Sunday, October 11, 2015

I Can't Believe This is My Life...

When is it going to seem real? When is it going to seem "normal" to not have Mike here? When am I ever going to be "ok"? 

These are things I ask myself daily but today has been one of those days that these questions are literally flooding my mind over and over. 

It will be a year in a little over two months and I can't imagine myself being in any better of a place after that one year mark than I am right now. 

There are so many things I still don't know the answer to, like:
When is probate going to end?
What's going to happen with the farm?
How am I going to keep paying for everything and make things run?
Will the other pieces of land ever sell?
How am I going to pay off all this debt that was left behind? 
Is my son going to be ok just being raised by me? 
When is this outrageous pain ever going to lessen to a dull pain?
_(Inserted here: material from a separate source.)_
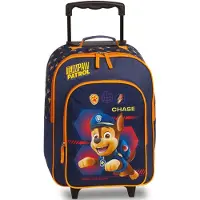 Paw Patrol Trolley, Chase - 42 x 32 x 16/21 cm - Polyester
I am so grateful for my family and friends. I don't know where we would be or what we would do without them. They listen when I need to cry; they help with Conner when I have meetings and tons of other work things; they help me with housework and help me run the farm; they try to comfort me when I'm having a terrible moment. 

But...it is all done in vain. They are not Mike. They cannot bring him or my life back. They cannot fill my smile with genuine happiness. They cannot know the secret fears that run through my mind daily. They cannot take away the fear and sadness and anger and shock and confusion. They just have to stand alongside me and do their best to keep me from falling completely. They are my angels sent from God and I don't know if I even deserve them.

We haven't been to church in weeks. I can't force myself to go. I see the funeral every time I go. I feel shaky and like I'm taking those steps to the main floor to see our family pictures displayed in the foyer. I imagine myself being helped to walk the aisle to make it to my husband's casket. I just relive that terrible day every Sunday so I haven't been back in weeks. 

I don't know what to do with myself and I honestly can't believe this is my life. 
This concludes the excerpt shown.